Nothing in the listing may be skipped; transcribe all of it as written.

» DATA SEGMENT:
+===+

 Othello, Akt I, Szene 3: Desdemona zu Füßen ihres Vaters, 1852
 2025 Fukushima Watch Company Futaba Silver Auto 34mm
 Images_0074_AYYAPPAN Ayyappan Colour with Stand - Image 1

+===+

» RESULT:
 Othello, Akt I, Szene 3: Desdemona zu Füßen ihres Vaters, 1852
 2025 Fukushima Watch Company Futaba Silver Auto 34mm
 Images_0074_AYYAPPAN Ayyappan Colour with Stand - Image 1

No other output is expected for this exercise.